Martes 7 de julio. —Visita a Robert de Montesquiou.



Una planta baja en la calle Franklin, perforada por altos ventanales, con pequeños vidrios del siglo XVII, que dan a la casa un aspecto antiguo. Una casa llena de una mezcolanza de objetos dispares, viejos retratos familiares, muebles imperio, kakemonos japoneses, grabados de Whistler.
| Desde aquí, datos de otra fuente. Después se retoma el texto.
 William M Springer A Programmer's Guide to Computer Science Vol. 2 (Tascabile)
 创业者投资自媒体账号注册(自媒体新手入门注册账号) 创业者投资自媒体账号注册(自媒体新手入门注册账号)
Una habitación original: el baño, con una tina hecha de una inmensa bandeja persa, teniendo al lado la tetera de cobre martillado y repujado más gigantesca de Oriente: todo encerrado en puertas hechas de varillas de vidrio coloreado. Una habitación donde se encuentra la hortensia, sin duda un piadoso recuerdo de la familia para la reina Hortensia, la hortensia está representada en todos los materiales, y en todas las formas de pintura y dibujo, y en medio de este baño, una pequeña ventana hecha de hielo, revelando las tiernas tonalidades de cien corbatas, debajo una fotografía de Larochefoucauld, la gimnasta del circo de Mollier, representada en traje de baño, luciendo sus elegantes formas efíbicas.


Mientras me detenía frente a un grabado de Whistler, Montesquiou me dijo que Whistler está en el proceso de hacer dos retratos de él: uno con un abrigo negro con una piel bajo el brazo, el otro con un gran abrigo gris, con un cuello alzado, con un borde de lazo al cuello, de un matiz, un matiz que no dice, pero cuyo color ideal expresa su mirada.

Y Montesquiou es muy interesante para escuchar cómo se desarrolla la forma de pintar de Whistler, a la que dio diecisiete sesiones durante un mes de estancia en Londres. El boceto sería en Whistler's, una carrera sobre el lienzo : una o dos horas de fiebre loca, de donde saldría todo, construido en su envoltura... Luego luego sesiones, largas sesiones, donde la mayor parte del tiempo, el el pincel se acerca al lienzo, el pintor no puso el toque en la punta de su pincel, y tiró este pincel, y tomó otro —y a veces en tres horas daba unos cincuenta toques en el lienzo— “cada toque, según su expresión , quitando un velo de la cubierta del boceto". ¡Vaya! sesiones, donde a Montesquiou le parecía que Whistler, con la fijeza de su atención, le estaba quitando la vida,le estaba sacando algo a su individualidad, y al final se sintió tan absorbido que sintió como una contractura de todo su ser, y que afortunadamente había descubierto cierto vino de coca , que lo alejaba de aquellas terribles sesiones.